• _Records from a data collection_:

=== Begin Enclosure ===

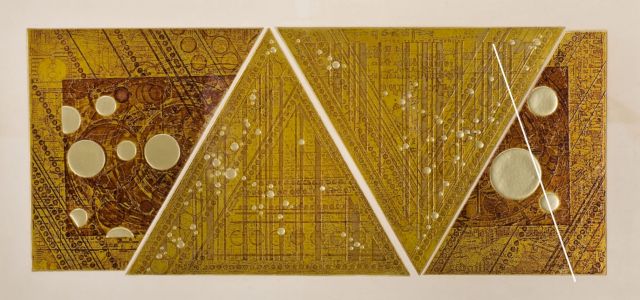 R B AALA, Triangulation Copper IX-Assemblage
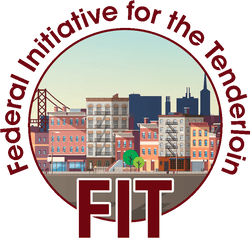 Federal Initiative For The Tenderloin - Vertical Png
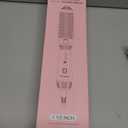 zavarea Thermal Brush, 1.5 Inch Heated Round Curling Brush, 800M Negative Ions Ceramic Stylers for Less Frizz, 4 Temp Set, Dual Voltage for Travel, Easy Use Boosts Shine (Elegant Black)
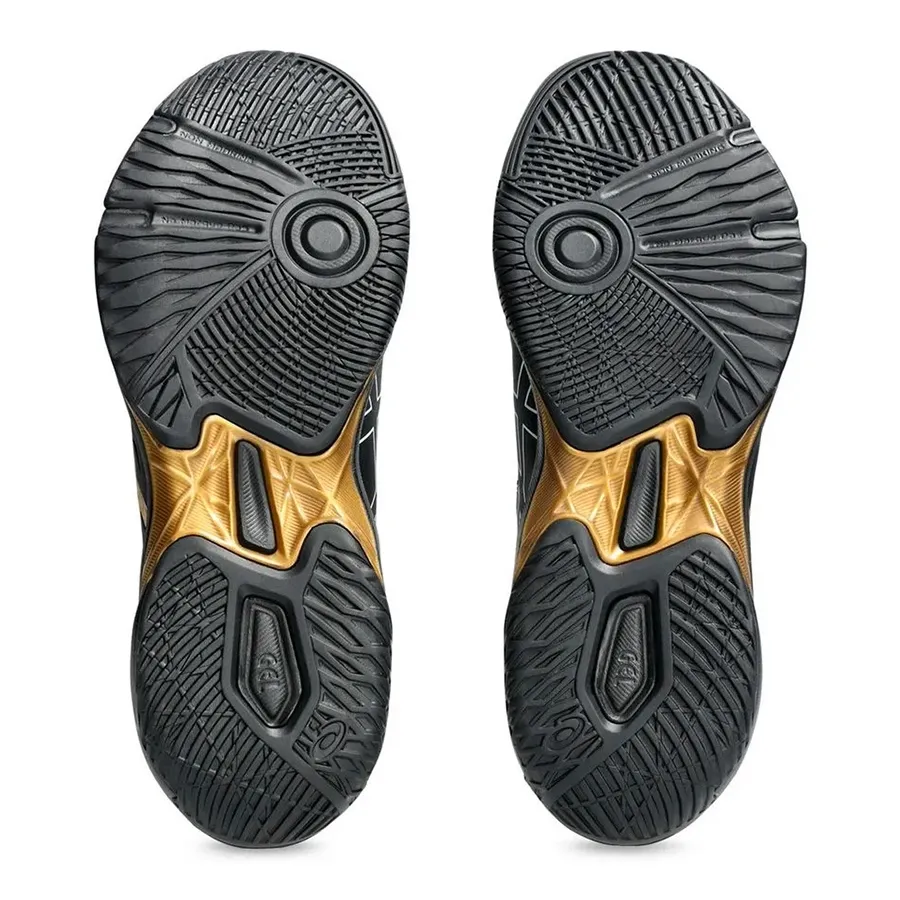 Imagen 4 de 6 de Zapatillas Asics Zapatilla  Gel-Rocket-NEGRO/DORADO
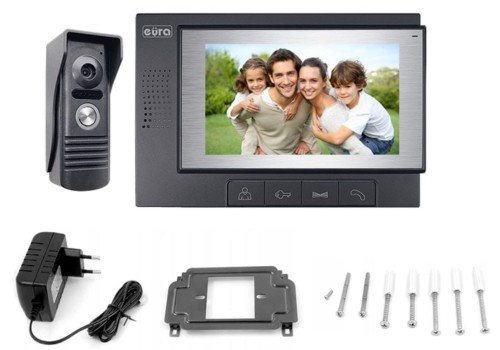 Wideodomofon Eura VDP-22A3 Pluton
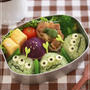 キャラ弁＊リトルグリーンメン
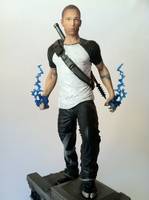 Cole Mcgrath (inFAMOUS) Custom Action Figure
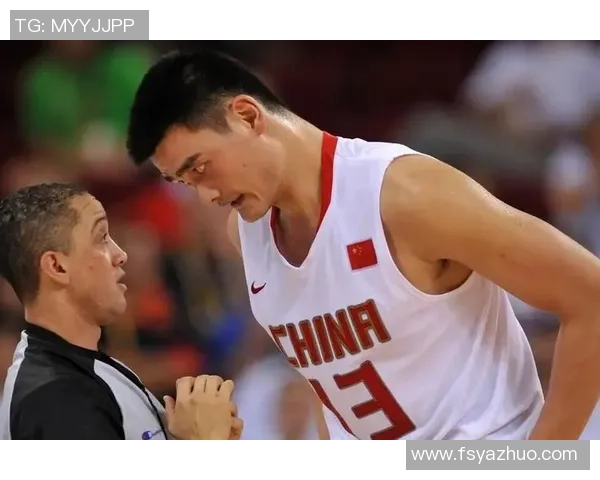 姚明携手湿乎乎共创篮球新篇章展现运动魅力与团队精神 姚明携手湿乎乎共创篮球新篇章展现运动魅力与团队精神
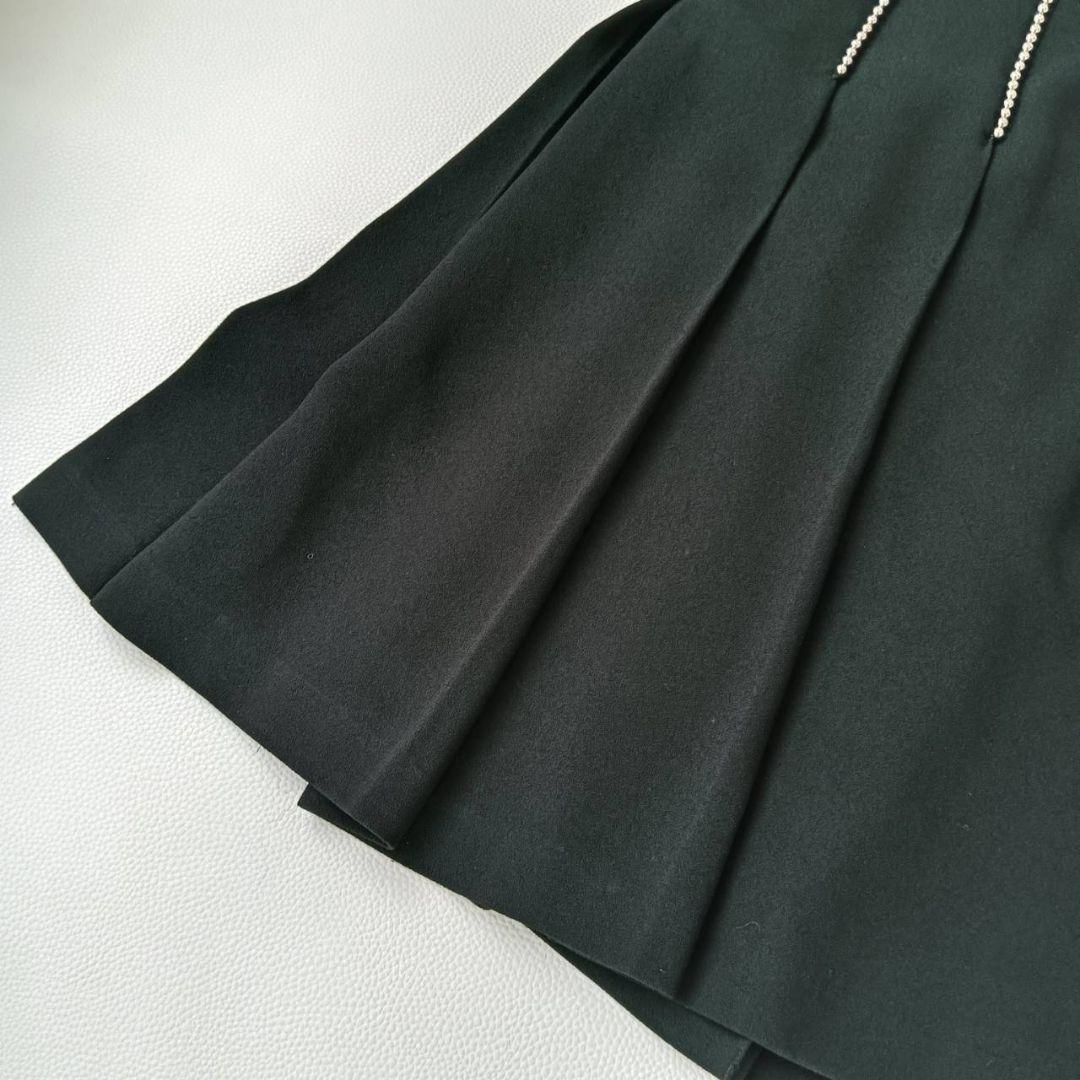 新品タグ付き✨ジャンポールゴルチェ ボールチェーン プリーツスカート スタッズg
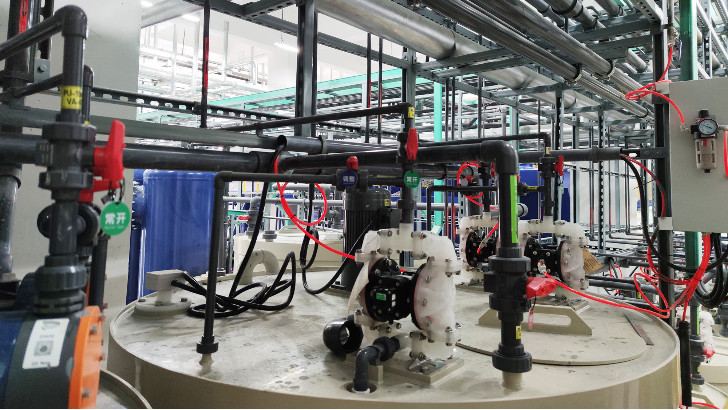 工業(yè)廢水處理中污水循環(huán)自吸泵如何安裝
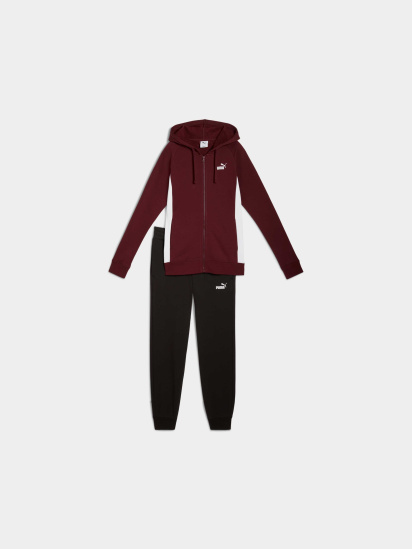 Спортивний костюм PUMA Full-zip Hooded Sweat Suit модель 690738 - фото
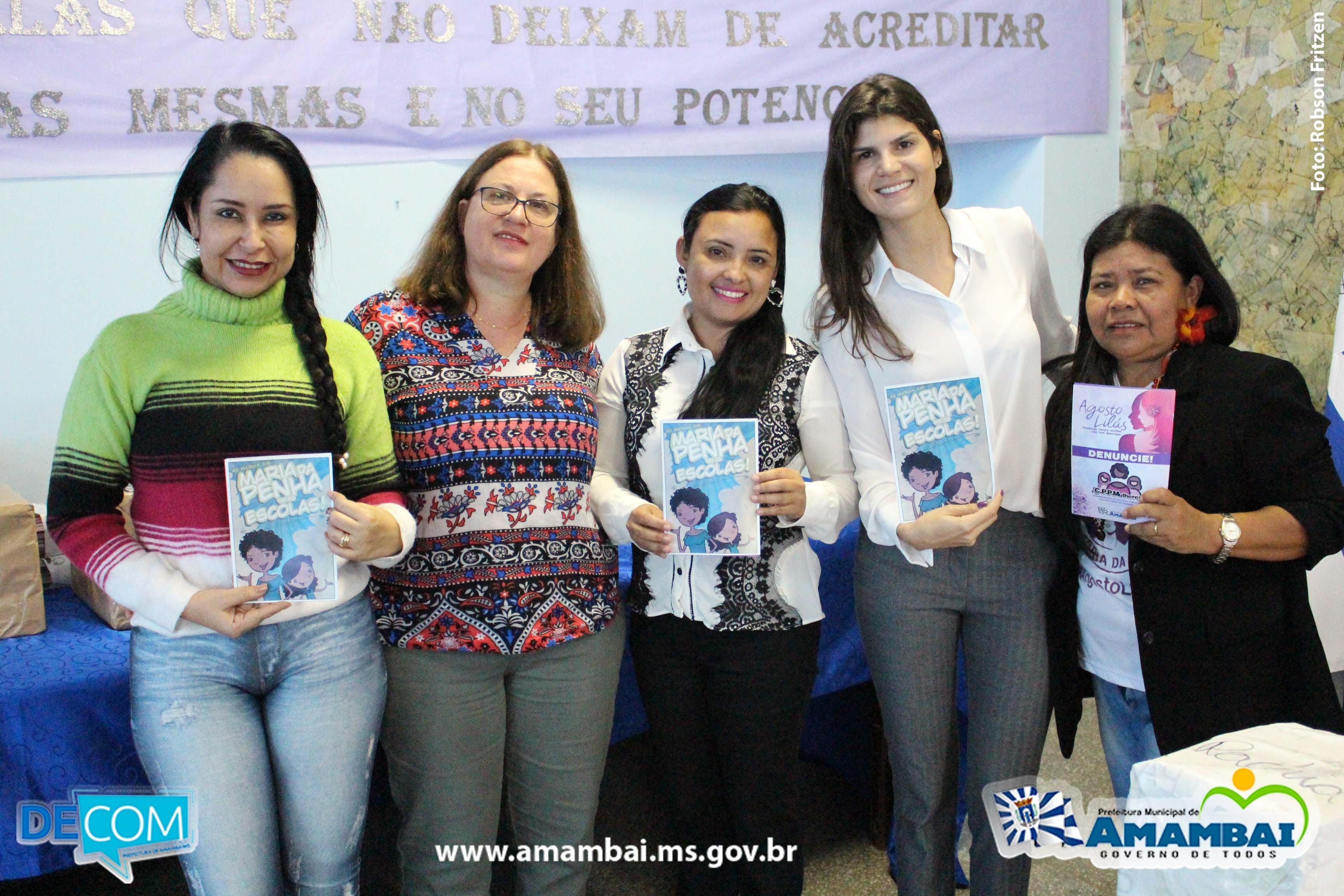 O objetivo da programação é o de sensibilizar a sociedade sobre a violência doméstica e familiar contra mulheres e meninas / Foto: Decom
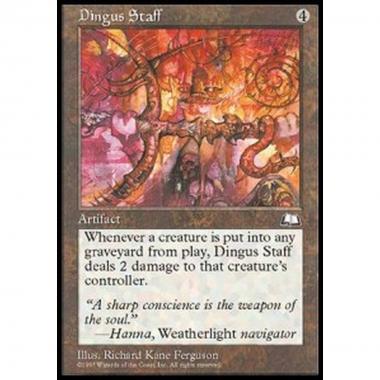 Dingus Staff - Bastone di Dingus - [WTH] [EX]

=== End Enclosure ===

• _Your goal_: Write out the line that contains "Cole Mcgrath (inFAMOUS) Custom Action Figure" and every line after it to the end of the data, exactly as they stand. Omit the pictures.

• _Result of this task_:
 Cole Mcgrath (inFAMOUS) Custom Action Figure
 姚明携手湿乎乎共创篮球新篇章展现运动魅力与团队精神 姚明携手湿乎乎共创篮球新篇章展现运动魅力与团队精神
 新品タグ付き✨ジャンポールゴルチェ ボールチェーン プリーツスカート スタッズg
 工業(yè)廢水處理中污水循環(huán)自吸泵如何安裝
 Спортивний костюм PUMA Full-zip Hooded Sweat Suit модель 690738 - фото
 O objetivo da programação é o de sensibilizar a sociedade sobre a violência doméstica e familiar contra mulheres e meninas / Foto: Decom
 Dingus Staff - Bastone di Dingus - [WTH] [EX]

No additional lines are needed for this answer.